Exact reproduction of the listing is required. Pictures are not reproduced.

▸ **Information supplied**:
______________________________

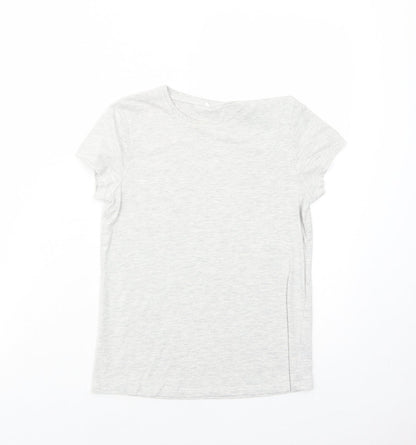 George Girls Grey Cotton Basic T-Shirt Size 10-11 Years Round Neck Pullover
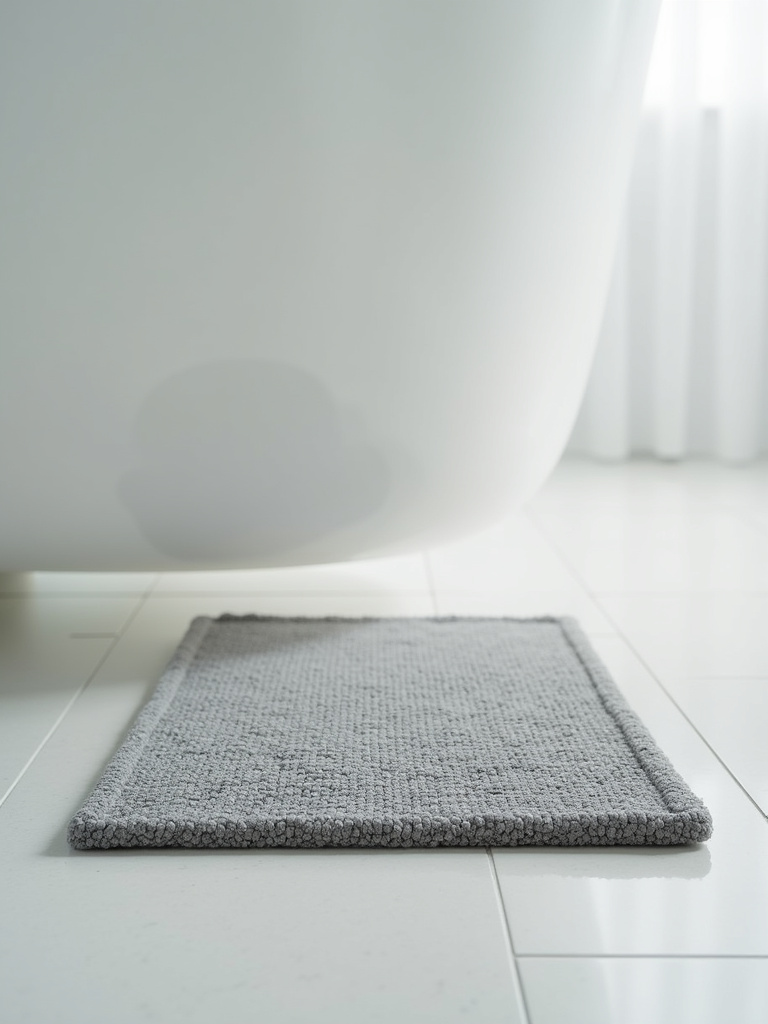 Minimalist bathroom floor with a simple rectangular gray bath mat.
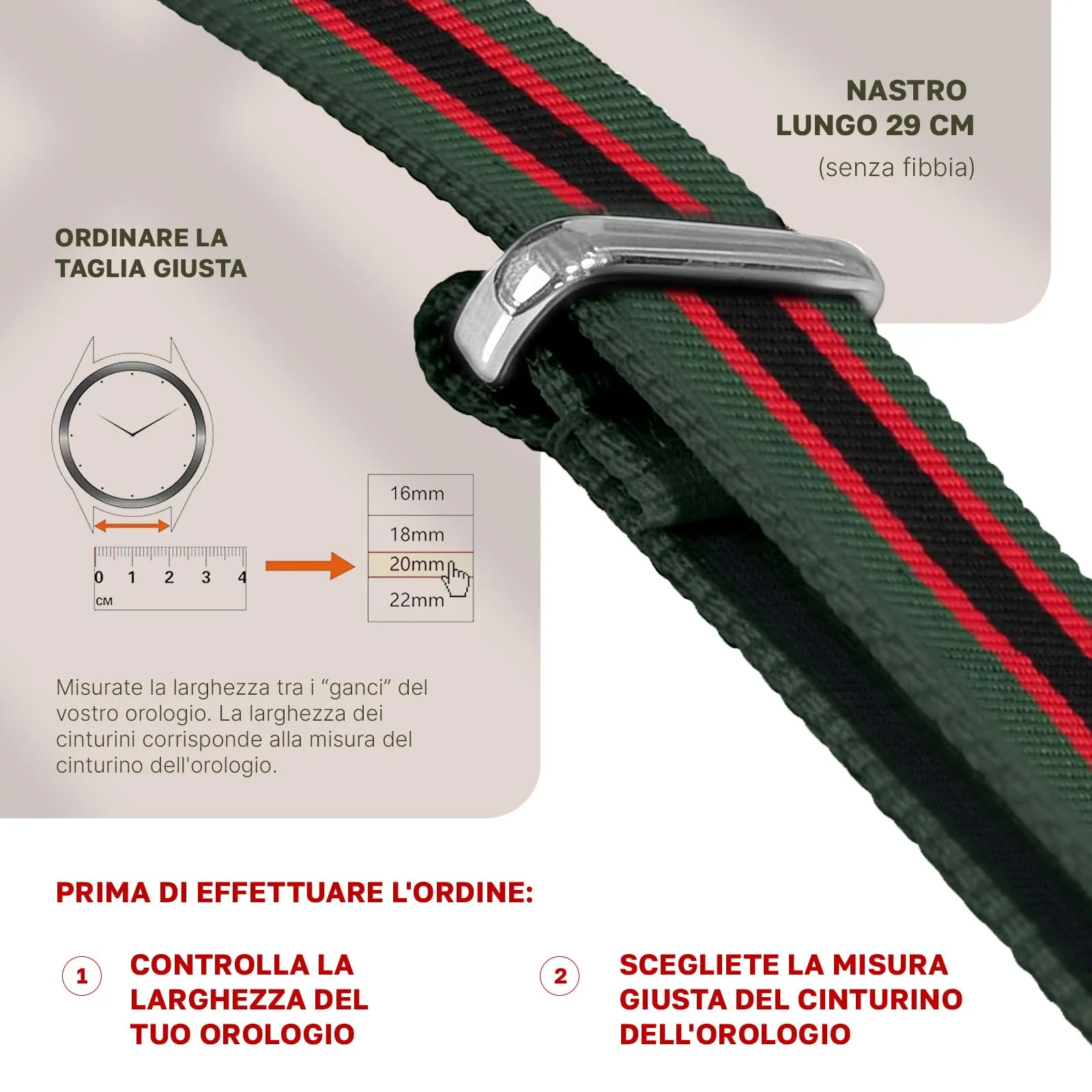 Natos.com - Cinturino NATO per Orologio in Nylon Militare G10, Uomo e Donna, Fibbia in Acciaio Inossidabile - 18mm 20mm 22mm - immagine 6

______________________________

▸ **Solution for this task**:
 George Girls Grey Cotton Basic T-Shirt Size 10-11 Years Round Neck Pullover
 Minimalist bathroom floor with a simple rectangular gray bath mat.
 Natos.com - Cinturino NATO per Orologio in Nylon Militare G10, Uomo e Donna, Fibbia in Acciaio Inossidabile - 18mm 20mm 22mm - immagine 6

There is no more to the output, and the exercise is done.